Wednesday, February 23, 2011

Interesting things - 2.

5. The Antikythera mechanism.

This was fished out of the sea many years ago and appears to be a device so complex that it's often said that nobody could have made it at the time.

Evidently, someone did.

There are people in the world today who could start from a sheet of brass and make an accurate watch mechanism. Not very many, but there are some. Nowadays few would bother because many of the cogs and wheels are already available as mass-produced parts, but armed with a few simple tools and a lot of time and skill, it could still be done.

It accurately charts the planets, the moon (including correcting for the moon's elliptical orbit) and performs a whole range of astronomical calculations. All of them accurately. So, is it some mysterious time-travel artefact or a design passed on by aliens?

At the time it was built, astrology was a very serious matter indeed. A device that could accurately predict what the sun, moon and planets would do in the future was a highly desirable thing. It would be something that someone, possibly royalty, would pay a lot of money for. Therefore it was certainly worth some skilled artisan's time to cut all those cogs and gears and make sure the whole device worked.

How did he predict the moon and planetary movements? He didn't. He observed them and replicated the movements in his device. Since each object follows a predictable path, the historical data available to the device's maker would extrapolate very nicely into future data. All he had to do was make sure it gave accurate results for any point in the past, and it would give accurate results for any point in the future.

Easy? Certainly not. Planets don't follow neat circles around the sky, certainly not when seen from Earth. Sometimes they even appear to go backwards for a time. Getting all that into the machine would need a lot of cogs and wheels and that's exactly what this device has.

It was made by someone exceptionally clever, highly skilled and who had time and resources to do it. Most likely it was commissioned by someone very rich, someone who could keep the maker employed solely on this job.

Are there others? Well, you wouldn't pay someone on the promise that they could make something unless you'd seen previous work. So simpler mechanisms were probably produced along the way. As this site says, the Antikythera mechanism contains no errors so it's likely there were prototypes.

Why haven't we found any? Consider how long it takes to cut one accurate cog starting from a sheet of metal. When you have a prototype but need to change some things, you keep all the parts you've made that already work. I'd say the prototypes were most likely cannibalised for parts so the chances of finding one of them will be very slim now.

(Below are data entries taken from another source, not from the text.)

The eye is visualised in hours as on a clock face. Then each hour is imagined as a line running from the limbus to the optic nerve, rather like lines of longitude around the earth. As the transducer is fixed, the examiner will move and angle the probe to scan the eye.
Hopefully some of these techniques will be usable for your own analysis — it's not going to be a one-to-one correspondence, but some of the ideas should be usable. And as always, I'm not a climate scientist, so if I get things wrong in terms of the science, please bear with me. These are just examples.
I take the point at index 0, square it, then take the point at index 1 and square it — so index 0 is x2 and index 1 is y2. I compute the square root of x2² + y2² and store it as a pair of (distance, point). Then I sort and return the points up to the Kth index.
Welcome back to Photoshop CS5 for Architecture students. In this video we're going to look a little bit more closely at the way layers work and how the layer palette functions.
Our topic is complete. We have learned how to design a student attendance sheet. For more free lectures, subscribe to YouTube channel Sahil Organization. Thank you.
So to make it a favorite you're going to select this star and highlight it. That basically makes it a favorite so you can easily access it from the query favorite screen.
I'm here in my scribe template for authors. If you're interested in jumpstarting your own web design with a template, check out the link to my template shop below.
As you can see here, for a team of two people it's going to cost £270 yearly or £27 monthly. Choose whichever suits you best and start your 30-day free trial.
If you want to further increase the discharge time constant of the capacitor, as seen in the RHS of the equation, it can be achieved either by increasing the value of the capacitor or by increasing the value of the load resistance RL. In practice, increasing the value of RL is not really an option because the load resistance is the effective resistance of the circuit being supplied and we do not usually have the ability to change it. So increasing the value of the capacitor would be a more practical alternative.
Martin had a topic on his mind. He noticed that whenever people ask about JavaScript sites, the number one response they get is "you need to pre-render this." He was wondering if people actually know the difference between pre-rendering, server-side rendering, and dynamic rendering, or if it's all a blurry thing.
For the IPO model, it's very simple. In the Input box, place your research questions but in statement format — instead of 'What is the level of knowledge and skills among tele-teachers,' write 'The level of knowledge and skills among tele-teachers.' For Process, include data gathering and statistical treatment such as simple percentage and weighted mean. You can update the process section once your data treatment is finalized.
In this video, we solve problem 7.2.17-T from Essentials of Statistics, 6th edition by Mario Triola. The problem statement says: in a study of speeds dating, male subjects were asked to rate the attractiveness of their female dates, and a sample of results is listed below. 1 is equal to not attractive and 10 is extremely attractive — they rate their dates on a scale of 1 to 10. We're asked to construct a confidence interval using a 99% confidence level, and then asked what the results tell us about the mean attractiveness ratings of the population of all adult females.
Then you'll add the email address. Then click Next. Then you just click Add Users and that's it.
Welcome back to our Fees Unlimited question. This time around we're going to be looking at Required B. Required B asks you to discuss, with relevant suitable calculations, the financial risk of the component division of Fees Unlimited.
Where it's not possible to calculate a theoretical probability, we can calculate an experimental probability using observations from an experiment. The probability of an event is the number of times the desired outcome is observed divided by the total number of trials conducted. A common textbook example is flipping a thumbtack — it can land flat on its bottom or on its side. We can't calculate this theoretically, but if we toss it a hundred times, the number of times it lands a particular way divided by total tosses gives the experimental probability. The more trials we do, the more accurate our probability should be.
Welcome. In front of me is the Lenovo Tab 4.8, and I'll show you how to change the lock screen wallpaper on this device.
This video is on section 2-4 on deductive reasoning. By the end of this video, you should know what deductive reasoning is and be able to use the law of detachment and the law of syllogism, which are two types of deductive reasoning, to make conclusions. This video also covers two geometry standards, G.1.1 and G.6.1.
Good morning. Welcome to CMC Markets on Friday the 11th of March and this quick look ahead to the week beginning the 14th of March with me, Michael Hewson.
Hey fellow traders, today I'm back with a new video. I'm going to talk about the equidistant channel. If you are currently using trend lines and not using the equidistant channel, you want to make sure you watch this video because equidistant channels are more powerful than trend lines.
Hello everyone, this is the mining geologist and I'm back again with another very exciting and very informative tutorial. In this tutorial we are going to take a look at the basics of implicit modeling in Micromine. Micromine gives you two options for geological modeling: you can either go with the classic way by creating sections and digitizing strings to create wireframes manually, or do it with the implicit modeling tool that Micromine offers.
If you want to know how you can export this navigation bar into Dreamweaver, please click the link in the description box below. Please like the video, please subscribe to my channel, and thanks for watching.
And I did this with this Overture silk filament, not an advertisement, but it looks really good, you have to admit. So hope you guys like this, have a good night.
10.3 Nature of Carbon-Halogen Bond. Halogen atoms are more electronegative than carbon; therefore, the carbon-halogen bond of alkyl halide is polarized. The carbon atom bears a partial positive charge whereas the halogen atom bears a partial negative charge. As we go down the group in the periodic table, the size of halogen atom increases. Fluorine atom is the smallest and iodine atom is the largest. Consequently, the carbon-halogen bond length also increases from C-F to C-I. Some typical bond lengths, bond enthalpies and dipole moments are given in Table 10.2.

As for it being the only one, well, it would have taken many years to get this one right and there was no such thing as mass production. It might well have been the only one ever made, especially if the maker or his rich sponsor hid or destroyed the plans and prototypes. Having the only accurate planet-predictor would have been a very powerful thing in those days.

I don't see anything supernatural or inexplicable in this device. It's fascinating, certainly, but it's not beyond the bounds of human ability for the time. All it would need was the backing of a rich sponsor. It would also take someone most of a lifetime to get it right, so finding only one isn't a surprise either.

So it's not inexplicable at all.

The next one might be.

3 comments:

astrologymemphis.blogspot.com said...

Whoa. That is stunning. How the hell? I have to look these things up individually so I can see more than appears on that site. On to the next!


ver: recotoi

Someone wrecked the toy.

Romulus Crowe said...

Ancient peoples made stone circles that accurately tracked the sun, moon and sometimes constellations. There are dolmens on the islands north of Scotland that still precisely track the midsummer sunrise. People built Stonehenge and the pyramids and the Inca and Aztec cities without the aid of cranes or tractors or laser-guided architects.

If humans can do that when all they have are rocks, I don't have any trouble believing that humans could make this mechanism almost as soon as they have good quality metals.

People are capable of amazing things if only they'd let themselves believe it.

astrologymemphis.blogspot.com said...

I finally got around to reading more about this, and am always gratified for additional proof that our ancestors took so much interest in our solar system. I can confidently say, now that I've learned more about it, that the technology was not taught to mankind by aliens. Anyone traveling here from that kind of distance would know there are more than five planets.